The new STEM OPT regulations have a potential impact on the employers. Some of the FAQs are listed below for the employer’s quick reference.

Question: Are the employers responsible for Form I-983?
Answer: Yes, the STEM OPT employers must work with the student to complete Form I-983 and an Official with the Signatory Authority must certify that the information is true and correct. The employer is responsible to provide specific information about the company, practical training schedule, compensation and a formal training plan. The STEM OPT official with the Signatory Authority must be familiar with the student’s goal and performance.

Question: Can the student work at end client location?
Answer: No, the student has to be employed at the STEM OPT employer’s locations only and can not work at the end client sites.
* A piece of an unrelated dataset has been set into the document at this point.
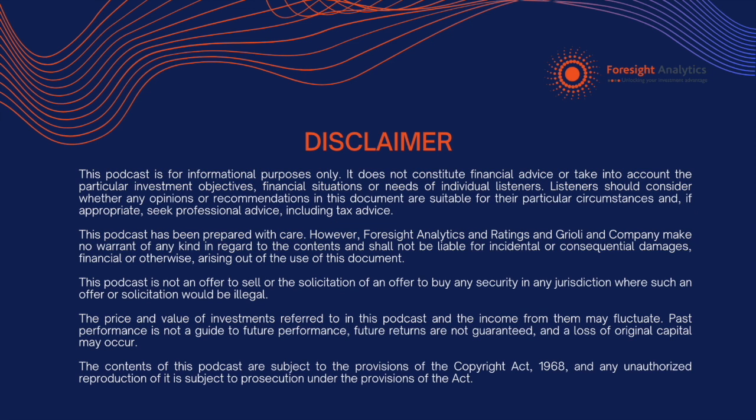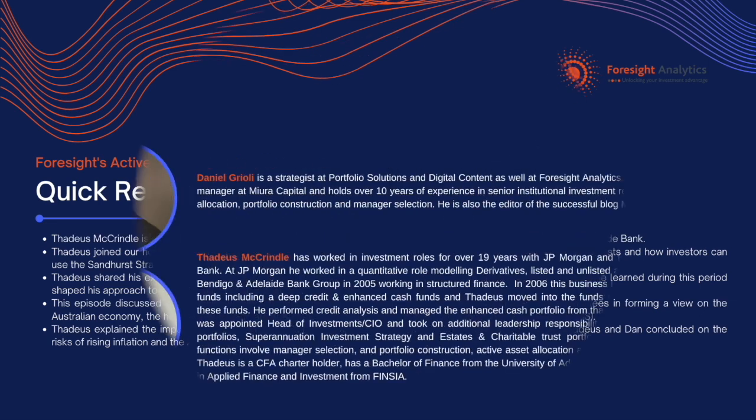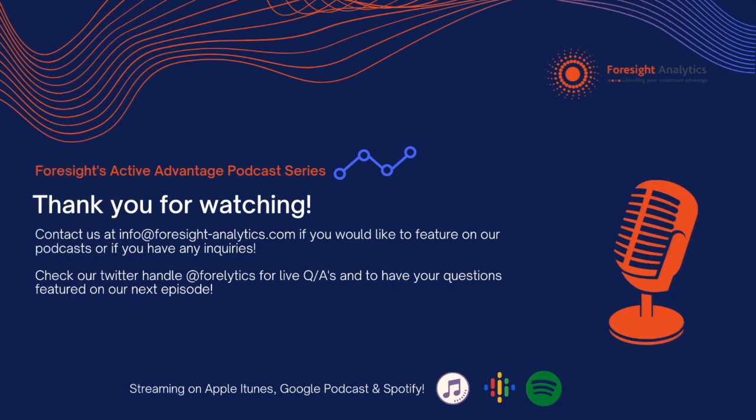This podcast is for informational purposes only. It does not constitute financial advice or take into account the particular investment objectives, financial situations, or needs of individual listeners. Listeners should consider whether any opinions or recommendations in this podcast are suitable for their particular circumstances, and if appropriate, seek professional advice, including tax advice.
Question: Is the STEM OPT employer obliged to follow prevailing wages?
Answer: Yes, the employment has to be paid at the prevailing wage of the company location and minimum 20 hours of work at the prevailing wage has to be given.

Question: DHS will conduct any site visits to employer locations where STEM OPT students are trained?
Answer: Yes, the new provision allows DHS to conduct site visits where STEM OPT students are trained to ensure they receive structured and guided work based learning and experience. During the site visit, DHS will confirm that the training opportunity is accurate, as reported on student’s Form I-983. DHS will provide a notice of 48 hours in advance of any site visit. If there is any complaint or noncompliance of STEM OPT regulations, DHS may not provide notice. Also, if DHS requires any updated or correct information, it will notify the employer in writing with specific instructions after the site visit.

Question: Should the STEM OPT employer report to DSO of any material change?
Answer: Yes, any material change or material deviations must be reported to the DSO. The material changes can be change of Employer Identification Number, reduction in student compensation, significant decrease in hours per week, or change in employer’s commitment or student’s learning objectives as documented on the Form I-983. But these changes will not cease student’s employment authorization.